■ **Assignment**: Please copy every record below exactly, but leave the pictures out.

---- Data excerpts

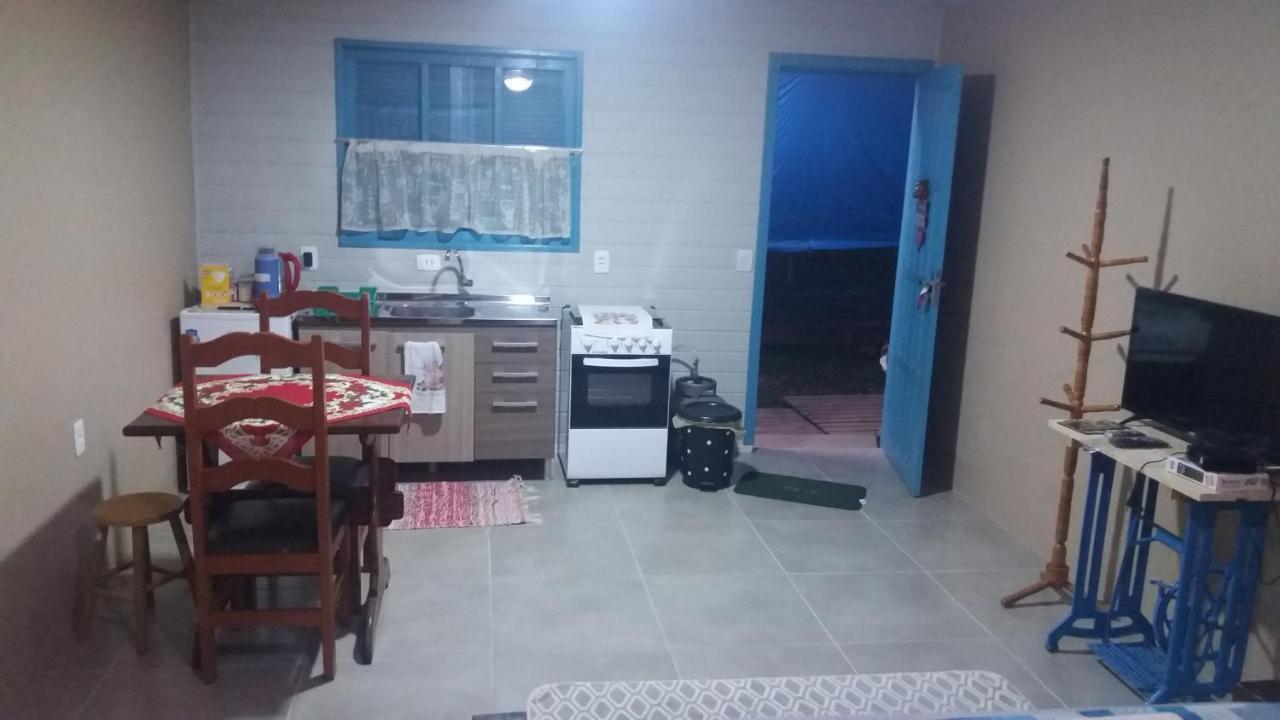 شقة Estalagem Santa Fe Cambará المظهر الخارجي الصورة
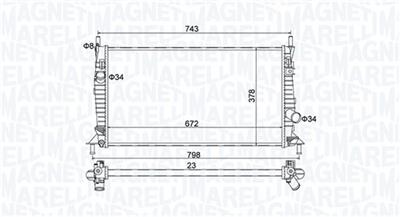 MAGNETI MARELLI 350213157400 Číslo výrobce: BM1574. EAN: 8001063662053.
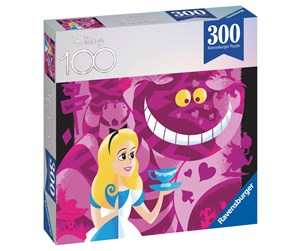 Puslespill - Ravensburger Disney 100th Anniversary Alice in Wonderland - 10213374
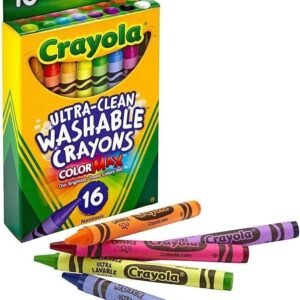 Crayola Ultra-Clean Washable Crayons 526916 Pack of 5 Kit Toy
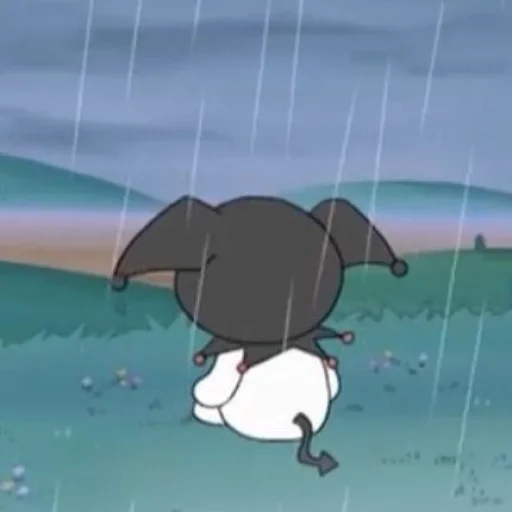 🍩 Стикер «my melody and kuromi» для Telegram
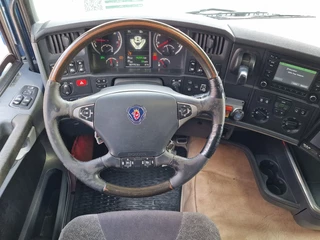 Scania R 2014 - R580 V8 Topline 6x4 - PTO/Hydraulic - Retarder - 3.10 WB - Full air - HUB reduction obrazek 10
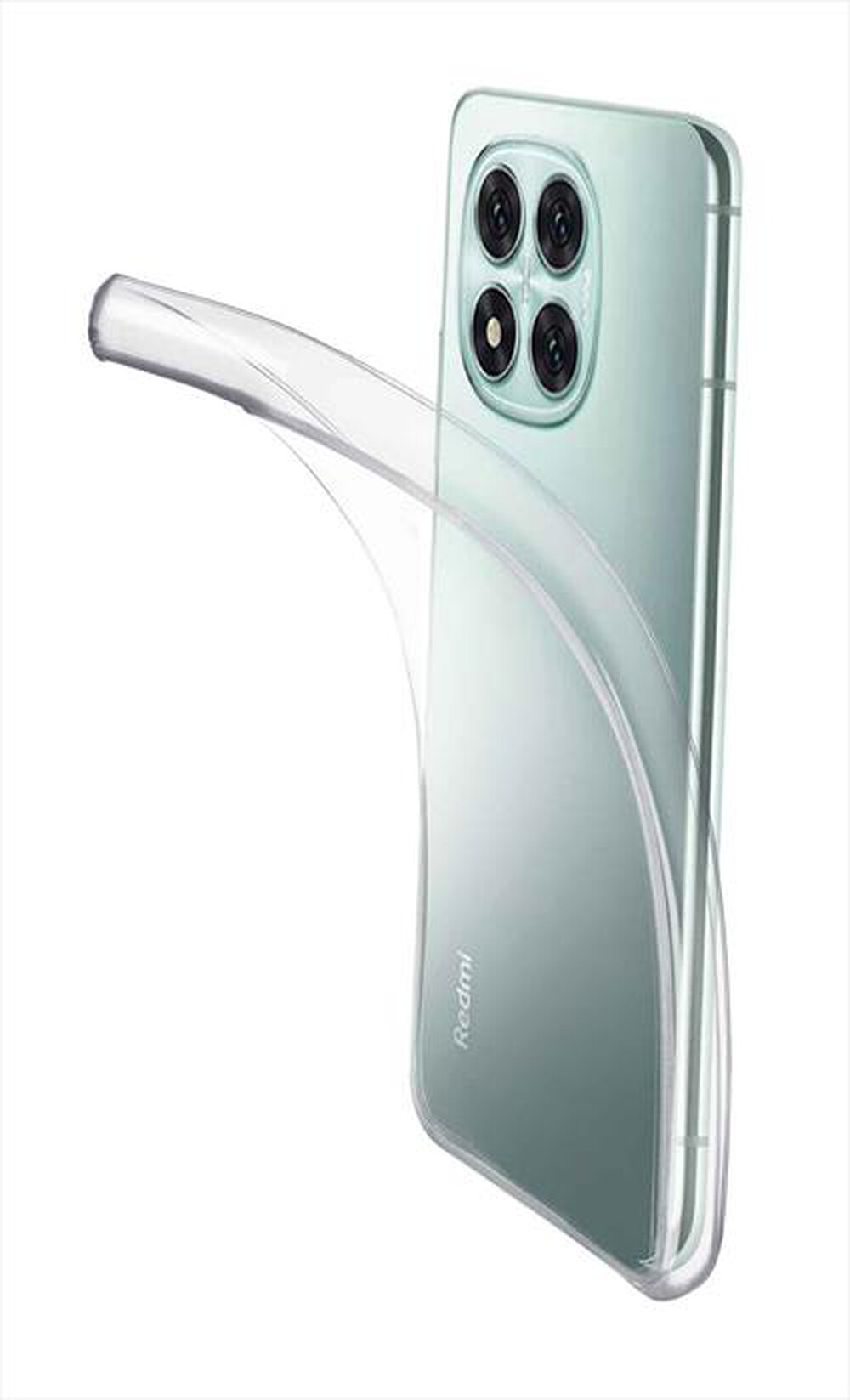 Immagine del prodotto CELLULARLINE - Cover FINE per Redmi Note 14 Pro 5G-Trasparente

--------

■ **Task result**:
 شقة Estalagem Santa Fe Cambará المظهر الخارجي الصورة
 MAGNETI MARELLI 350213157400 Číslo výrobce: BM1574. EAN: 8001063662053.
 Puslespill - Ravensburger Disney 100th Anniversary Alice in Wonderland - 10213374
 Crayola Ultra-Clean Washable Crayons 526916 Pack of 5 Kit Toy
 🍩 Стикер «my melody and kuromi» для Telegram
 Scania R 2014 - R580 V8 Topline 6x4 - PTO/Hydraulic - Retarder - 3.10 WB - Full air - HUB reduction obrazek 10
 Immagine del prodotto CELLULARLINE - Cover FINE per Redmi Note 14 Pro 5G-Trasparente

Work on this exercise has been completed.